A year ago, a very different looking KU squad averaged a shade over 13 turnovers per game, with season highs of 24 in a loss at Iowa State and 23 in a loss at Kansas State.

Although this is a different squad, one that does not have Dedric Lawson as the anchor of its front court, it returns nearly all of its backcourt and those players are plenty good enough to correct the issues that cost them the Duke game on Tuesday night in New York.

I have to admit, I was surprised to see Devon Dotson and Ochai Agbaji struggle so much with the ball against the Blue Devils. But I’m willing to chalk up their combined 11 turnovers to the idea that both wanted so badly to make a big splash in the season opener that they pressed too hard and were just wound too tight to get it under control.

That won’t be an issue going forward. For one, because I think both are too talented to play too many games like that. And, for two, because, if nothing else, you can bet giving the ball away at the alarming rate they did against Duke got their attention like nothing ever has before.

Mistakes happen, but I wouldn’t be surprised if both players are turnover free on Friday night against UNC Greensboro.
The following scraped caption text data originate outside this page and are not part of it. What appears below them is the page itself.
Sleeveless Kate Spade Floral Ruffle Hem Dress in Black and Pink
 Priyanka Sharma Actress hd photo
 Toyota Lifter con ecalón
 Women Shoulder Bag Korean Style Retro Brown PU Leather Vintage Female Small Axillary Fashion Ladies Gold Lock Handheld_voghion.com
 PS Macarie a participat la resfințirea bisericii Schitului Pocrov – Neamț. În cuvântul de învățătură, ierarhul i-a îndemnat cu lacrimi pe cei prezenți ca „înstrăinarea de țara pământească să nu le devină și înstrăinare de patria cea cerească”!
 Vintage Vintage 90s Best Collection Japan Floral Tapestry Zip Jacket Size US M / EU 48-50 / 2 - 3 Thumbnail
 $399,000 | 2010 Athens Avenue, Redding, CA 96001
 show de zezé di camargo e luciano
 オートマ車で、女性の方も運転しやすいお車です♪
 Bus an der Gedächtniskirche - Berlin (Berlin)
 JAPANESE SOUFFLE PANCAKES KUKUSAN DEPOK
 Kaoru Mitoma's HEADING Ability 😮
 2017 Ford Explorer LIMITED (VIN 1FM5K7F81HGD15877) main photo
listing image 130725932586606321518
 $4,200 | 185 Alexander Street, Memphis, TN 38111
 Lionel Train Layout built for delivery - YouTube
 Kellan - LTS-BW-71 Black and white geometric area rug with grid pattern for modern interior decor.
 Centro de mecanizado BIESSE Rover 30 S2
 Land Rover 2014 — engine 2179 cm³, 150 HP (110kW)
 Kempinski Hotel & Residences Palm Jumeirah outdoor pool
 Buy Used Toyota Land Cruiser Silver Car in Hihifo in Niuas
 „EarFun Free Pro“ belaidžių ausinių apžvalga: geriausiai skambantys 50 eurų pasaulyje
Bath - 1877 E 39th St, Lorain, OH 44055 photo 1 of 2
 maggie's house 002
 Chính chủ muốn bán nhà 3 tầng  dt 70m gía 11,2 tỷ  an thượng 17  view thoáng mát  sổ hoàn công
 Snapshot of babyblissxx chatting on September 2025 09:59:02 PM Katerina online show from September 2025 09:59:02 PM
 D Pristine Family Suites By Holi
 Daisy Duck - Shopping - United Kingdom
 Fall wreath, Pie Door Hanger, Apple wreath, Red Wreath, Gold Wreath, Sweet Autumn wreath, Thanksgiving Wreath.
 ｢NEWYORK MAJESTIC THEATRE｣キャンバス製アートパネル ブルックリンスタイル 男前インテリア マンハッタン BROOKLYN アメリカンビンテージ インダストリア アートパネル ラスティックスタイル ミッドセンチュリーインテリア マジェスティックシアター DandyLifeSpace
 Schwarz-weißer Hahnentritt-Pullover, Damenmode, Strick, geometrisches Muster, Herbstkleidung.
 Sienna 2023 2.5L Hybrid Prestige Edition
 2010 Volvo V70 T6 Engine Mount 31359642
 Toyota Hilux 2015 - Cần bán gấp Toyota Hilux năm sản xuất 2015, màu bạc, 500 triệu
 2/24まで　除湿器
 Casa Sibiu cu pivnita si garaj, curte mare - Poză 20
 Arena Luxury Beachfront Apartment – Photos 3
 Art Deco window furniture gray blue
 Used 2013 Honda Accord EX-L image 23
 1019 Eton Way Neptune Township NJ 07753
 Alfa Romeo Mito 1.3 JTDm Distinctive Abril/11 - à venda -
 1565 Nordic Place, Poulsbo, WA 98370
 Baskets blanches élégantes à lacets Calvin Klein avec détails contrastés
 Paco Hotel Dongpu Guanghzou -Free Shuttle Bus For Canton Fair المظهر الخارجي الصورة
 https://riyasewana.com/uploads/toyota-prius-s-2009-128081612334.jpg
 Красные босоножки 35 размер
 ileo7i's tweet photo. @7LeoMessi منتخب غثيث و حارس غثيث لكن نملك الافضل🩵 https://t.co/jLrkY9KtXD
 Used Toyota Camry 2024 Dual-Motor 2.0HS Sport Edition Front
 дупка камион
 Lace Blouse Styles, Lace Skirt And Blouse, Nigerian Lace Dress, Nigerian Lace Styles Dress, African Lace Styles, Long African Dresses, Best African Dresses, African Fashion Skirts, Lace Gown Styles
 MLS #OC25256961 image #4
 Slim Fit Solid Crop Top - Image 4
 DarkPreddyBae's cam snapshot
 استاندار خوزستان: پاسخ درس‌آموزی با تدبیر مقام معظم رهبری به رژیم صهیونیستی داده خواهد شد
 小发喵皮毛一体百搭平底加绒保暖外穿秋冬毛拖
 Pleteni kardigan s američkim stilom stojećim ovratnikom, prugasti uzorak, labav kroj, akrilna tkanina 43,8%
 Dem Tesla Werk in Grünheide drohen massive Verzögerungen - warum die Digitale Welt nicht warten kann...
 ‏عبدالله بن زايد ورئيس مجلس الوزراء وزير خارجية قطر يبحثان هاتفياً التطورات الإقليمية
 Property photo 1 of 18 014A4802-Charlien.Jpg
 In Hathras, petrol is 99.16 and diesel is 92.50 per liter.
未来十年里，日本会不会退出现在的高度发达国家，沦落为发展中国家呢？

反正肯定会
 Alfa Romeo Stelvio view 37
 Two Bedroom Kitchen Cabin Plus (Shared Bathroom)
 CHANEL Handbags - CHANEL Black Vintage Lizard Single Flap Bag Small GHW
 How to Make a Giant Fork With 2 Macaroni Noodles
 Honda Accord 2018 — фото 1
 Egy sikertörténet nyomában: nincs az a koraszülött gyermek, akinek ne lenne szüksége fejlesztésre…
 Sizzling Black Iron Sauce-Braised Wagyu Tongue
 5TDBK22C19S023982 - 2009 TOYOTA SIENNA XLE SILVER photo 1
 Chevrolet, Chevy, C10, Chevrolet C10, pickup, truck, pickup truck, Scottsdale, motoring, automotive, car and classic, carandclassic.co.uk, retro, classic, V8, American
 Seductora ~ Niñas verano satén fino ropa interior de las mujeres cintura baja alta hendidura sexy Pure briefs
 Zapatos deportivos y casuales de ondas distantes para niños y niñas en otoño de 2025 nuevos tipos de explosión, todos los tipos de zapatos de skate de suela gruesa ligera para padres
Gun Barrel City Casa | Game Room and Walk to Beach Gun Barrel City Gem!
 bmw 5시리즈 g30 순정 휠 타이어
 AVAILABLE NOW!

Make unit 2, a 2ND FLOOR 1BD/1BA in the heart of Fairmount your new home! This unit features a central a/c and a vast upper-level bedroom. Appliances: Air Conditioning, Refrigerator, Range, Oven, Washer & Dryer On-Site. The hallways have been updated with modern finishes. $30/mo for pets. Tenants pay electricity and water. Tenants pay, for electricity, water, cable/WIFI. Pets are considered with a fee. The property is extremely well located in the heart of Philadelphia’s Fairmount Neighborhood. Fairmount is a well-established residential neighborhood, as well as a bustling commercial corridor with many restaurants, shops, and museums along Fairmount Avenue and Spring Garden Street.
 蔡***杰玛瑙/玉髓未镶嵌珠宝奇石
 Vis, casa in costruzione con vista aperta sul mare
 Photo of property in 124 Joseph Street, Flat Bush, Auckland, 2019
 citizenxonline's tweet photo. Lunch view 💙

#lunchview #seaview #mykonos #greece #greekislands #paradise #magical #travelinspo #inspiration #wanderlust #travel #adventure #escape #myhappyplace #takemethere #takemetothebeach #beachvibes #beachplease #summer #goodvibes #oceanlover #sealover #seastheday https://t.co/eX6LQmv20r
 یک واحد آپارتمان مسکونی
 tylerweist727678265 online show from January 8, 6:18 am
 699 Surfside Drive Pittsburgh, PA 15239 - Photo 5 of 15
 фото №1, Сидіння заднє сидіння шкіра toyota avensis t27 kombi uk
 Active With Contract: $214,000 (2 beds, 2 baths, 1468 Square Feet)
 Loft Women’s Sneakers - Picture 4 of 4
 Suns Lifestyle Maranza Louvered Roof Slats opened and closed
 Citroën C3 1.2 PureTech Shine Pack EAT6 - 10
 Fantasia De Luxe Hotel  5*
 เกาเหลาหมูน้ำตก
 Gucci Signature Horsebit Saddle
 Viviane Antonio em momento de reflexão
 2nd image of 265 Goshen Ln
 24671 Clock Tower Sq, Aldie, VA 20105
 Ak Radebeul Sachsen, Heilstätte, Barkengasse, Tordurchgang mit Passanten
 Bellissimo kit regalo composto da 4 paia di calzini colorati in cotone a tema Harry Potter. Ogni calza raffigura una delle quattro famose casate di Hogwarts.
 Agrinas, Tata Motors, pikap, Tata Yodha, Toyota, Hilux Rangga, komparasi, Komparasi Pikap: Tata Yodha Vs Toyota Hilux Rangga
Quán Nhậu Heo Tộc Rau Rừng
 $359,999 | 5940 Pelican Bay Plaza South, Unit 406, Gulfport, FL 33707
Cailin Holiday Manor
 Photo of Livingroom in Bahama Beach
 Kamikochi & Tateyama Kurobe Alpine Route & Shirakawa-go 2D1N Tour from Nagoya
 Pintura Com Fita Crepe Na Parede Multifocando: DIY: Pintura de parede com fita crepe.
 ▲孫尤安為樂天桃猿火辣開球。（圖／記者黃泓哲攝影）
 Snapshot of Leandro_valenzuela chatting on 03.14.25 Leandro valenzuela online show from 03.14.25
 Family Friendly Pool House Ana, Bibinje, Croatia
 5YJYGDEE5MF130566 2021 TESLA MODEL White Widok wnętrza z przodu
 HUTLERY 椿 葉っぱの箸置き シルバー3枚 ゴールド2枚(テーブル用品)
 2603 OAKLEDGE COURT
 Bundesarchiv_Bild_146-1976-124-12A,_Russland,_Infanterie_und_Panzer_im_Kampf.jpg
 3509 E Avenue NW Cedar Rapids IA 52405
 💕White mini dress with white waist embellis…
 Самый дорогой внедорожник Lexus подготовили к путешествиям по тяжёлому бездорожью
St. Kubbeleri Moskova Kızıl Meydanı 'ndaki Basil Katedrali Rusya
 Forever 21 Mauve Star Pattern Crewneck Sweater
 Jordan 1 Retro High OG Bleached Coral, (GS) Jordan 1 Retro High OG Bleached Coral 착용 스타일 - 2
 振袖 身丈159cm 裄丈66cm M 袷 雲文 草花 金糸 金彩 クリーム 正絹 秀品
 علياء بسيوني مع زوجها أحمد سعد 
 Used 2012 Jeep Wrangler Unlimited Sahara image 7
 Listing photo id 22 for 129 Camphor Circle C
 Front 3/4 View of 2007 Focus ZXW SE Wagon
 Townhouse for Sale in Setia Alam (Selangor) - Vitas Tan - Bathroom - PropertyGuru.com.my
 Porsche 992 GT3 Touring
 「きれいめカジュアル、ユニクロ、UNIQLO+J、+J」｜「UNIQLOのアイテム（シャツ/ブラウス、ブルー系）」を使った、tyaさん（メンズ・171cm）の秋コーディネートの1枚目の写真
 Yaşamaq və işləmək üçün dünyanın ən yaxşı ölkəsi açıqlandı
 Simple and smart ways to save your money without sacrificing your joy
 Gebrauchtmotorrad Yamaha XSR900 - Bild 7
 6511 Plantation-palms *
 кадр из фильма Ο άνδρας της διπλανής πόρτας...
• Devon Dotson is not a true point guard

There might be some merit to this claim, but a huge chunk of how you see it depends on what you value from the position and how you define it.

If by true point guard you’re talking about a Jacque Vaughn/Aaron Miles type who would prefer to set up his teammates a million times over before looking for his own shots and points, then you might be right here. Dotson is an attacking point guard who likes to force the action, put pressure on opposing defenses and make opponents uncomfortable. Finding the open man or dishing to spots and zones isn’t always at the top of his list.

However, if by true point guard you’re talking about a player who can handle the ball, run the show and dictate the way the game is played, Dotson is that guy.

There’s no doubt that Bill Self and company — no to mention the NBA types who are paying attention — would love to see Dotson distribute as well as he scores. Setting up Udoka Azubuike for an easy deuce after drawing the defense is worth the same amount of points as racing full speed to the basket, colliding with a defender and getting the shot to fall through some nifty english and pure toughness.

Dotson’s smart enough to know that and sane enough to know that the less his body gets beat up the better off both he and the team as a whole will be.

There’s not a soul on the planet who would tell Dotson to attack less. But there might be a few out there who tell him to keep an eye out for teammates who might be in position to make an easier play.

Still, if you’re talking about a lead guard who can put your team in position to win each possession, there aren’t many in the country who are better equipped than Dotson.

• Isaiah Moss fixes everything

Had he been fully healthy — or, more to the point, had Tuesday’s game actually meant something — Moss probably would’ve both played and helped last night.

But to say that the Iowa grad transfer’s return to the lineup will suddenly take care of all of KU’s issues is a little extreme considering you’re talking about a player who has yet to play a single meaningful minute for Bill Self.

Based only on last night’s efforts, it does appear that the presence of a knockdown shooter on the floor and a four-guard lineup would be KU’s best strategy as of today.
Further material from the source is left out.